Superannuation

DEATH BENEFITS

On a member’s death, the trustee of the superfund is required to pay the deceased member’s benefits to their dependent(s) or Legal Personal Representative as soon as practical, either as a pension or as an interim and final lump sum. The death benefits of a deceased member cannot be retained as an accumulation amount within the fund.

There are two different types of dependents: Dependents under the Superannuation Industry (Supervision) Act 1993 and Tax Dependents under the Income Tax Assessment Act 1997.

The SISA dependents are basically persons who can be paid the deceased’s benefits directly from the fund. Dependents under the ITAA 1997can receive the deceased’s benefits tax-free or in the form of a pension. The main difference between the two types is that SISA includes adult children as dependents, whereas the ITAA 1997 only includes a child under the age of 18years, a child under 25 who is financially dependent, or a child who has a serious disability.

DEPENDENTS

SISA Dependents include:

  • A spouse
  • A person in an interdependency relationship
  • A financial dependent
  • Any child of the person (including stepchildren and adopted children).

TAXING OF DEATH BENEFITS

If you review your superfund statement, you may see that your balance is split into categories of TAX FREE, TAXABLE, and, in some cases, UNTAXED.

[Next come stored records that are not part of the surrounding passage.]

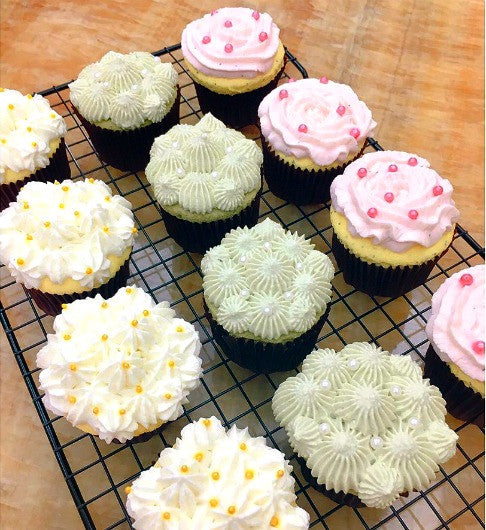 Freshly baked batch of matcha green tea cupcakes topped with matcha buttercream frosting.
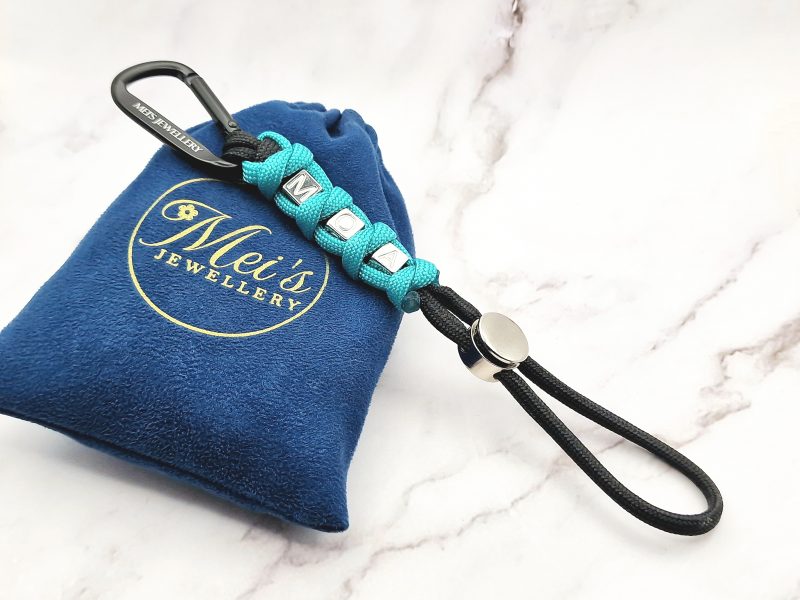 MOA Cord 1 Mei's Keyed sleutelhanger | MOA Cord | Paracord - Aluminium | zwart - turquoise- zilver Mei's Keyed sleutelhanger | MOA Cord | Paracord - Aluminium | zwart - turquoise- zilver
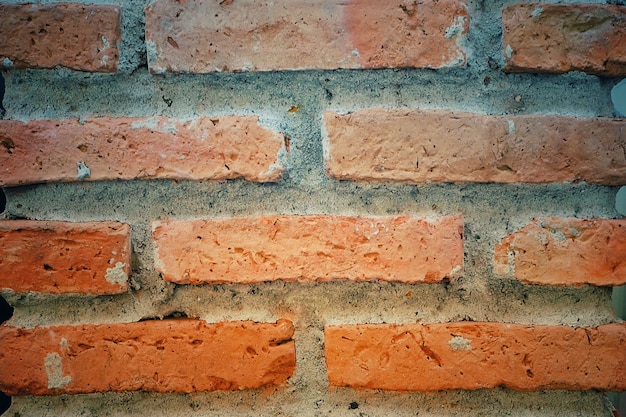 Foto antiga muralha de estilo brik vermelho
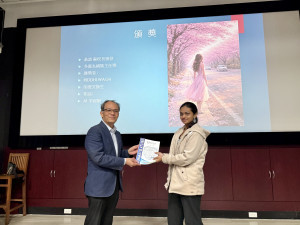 弘光科大校長蘇弘毅（左）頒獎給印度交換學生 Riddhi Anirudha Wagh（右），她的AI平面類作品（螢幕上顯示）獲得系主任獎。
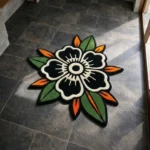 Perspective view of the rectangular Inked Garden Rug, featuring a traditional tattoo flash-style repeating pattern of red roses and stars on a cream background with a scalloped black border, styled on a modern concrete floor next to a textured white pouf and a mid-century wooden cabinet bathed in natural sunlight.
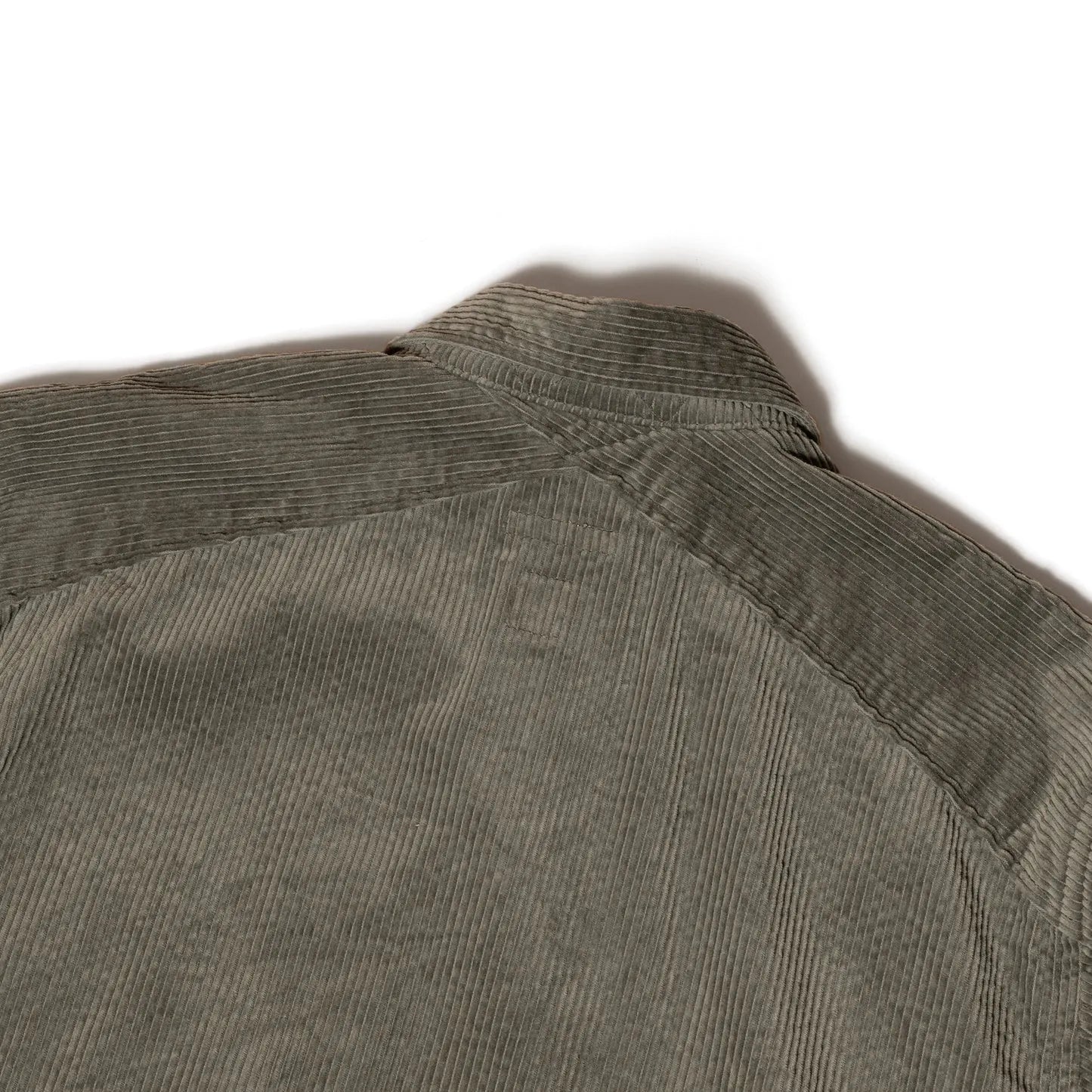 Close-up of cotton corduroy texture on Seuvas Corduroy CPO Shirt in sage.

These categories are not important where the member’s benefits go to a Tax Death Dependent. However, where the benefits go to a SISA dependent who is not a Tax Dependent, there will be tax to be paid. The Tax-Free component is tax-free to the SISA dependent; the Taxable component is taxed at either 15% or 17.5%; and the Untaxed component is taxed at 30%.

This is often referred to as the death tax on superannuation.

PRE-DEATH WITHDRAWALS

It is becoming more common for people who have a terminal illness and have a large taxable balance in the superfund and do not have tax dependents (commonly a widow, widower, or single person) to withdraw their entire superfund balance so that the beneficiaries of their estate/super do not pay the 15%/17% tax.

This shouldn’t be left to the last minute, as the ATO is becoming very aware of schemes to carry out the cashing even after the person has died.